Know your most valuable DevOps metrics
“As a part of agile’s evolution, DevOps represents a way to embrace the full spectrum of the software lifecycle,” says Anders Wallgren, CTO at Electric Cloud. “In some ways, the key metrics of DevOps are the ones that are closest to the customer.”
That means using the sort of metrics that draw the customer's attention. For instance, what’s the impact of downtime on the customer? And teams need to bear in mind what services within their microservices-based apps are more critical than others.
DevOps should help teams focus not just on the geek metrics, but the ones that have greatest impact on the customer.

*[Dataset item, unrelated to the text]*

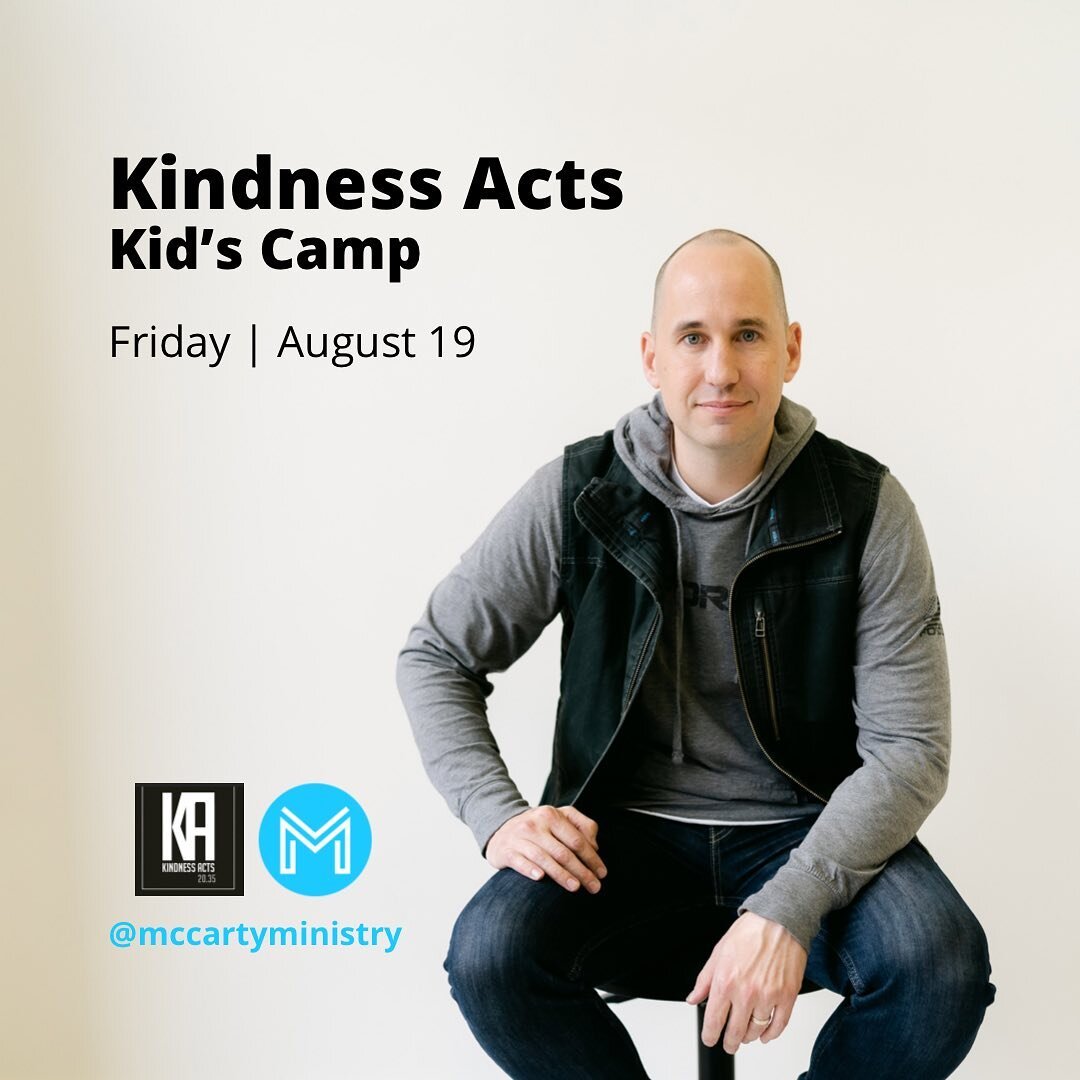 Excited to share that I&rsquo;ll be speaking at The Kindness Acts Kid&rsquo;s Camp on August 19th! 

You&rsquo;d be hard pressed to find a better organization who demonstrates the love of Jesus through random acts of kindness. And I&rsquo;m honored t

“Let’s put this in perspective,” Wallgren continues. “If my avatar service is down, and my users don’t see their images in the forums where they’re discussing my product, no big deal. But if my shopping cart service goes down, that’s a huge deal. Not just to my customer, but to me.”
DevOps should help teams focus not just on the geek metrics—such as change lead time, up-time, mean time to recover, etc.—but on the ones that have greatest impact on the customer. If the impact is small, that’s ok. But if it’s big, then your priorities become clear.
“If you’re spending all your time perfecting an avatar service, that means you’re not spending your time doing something more valuable to your business and for your customer,” says Wallgren.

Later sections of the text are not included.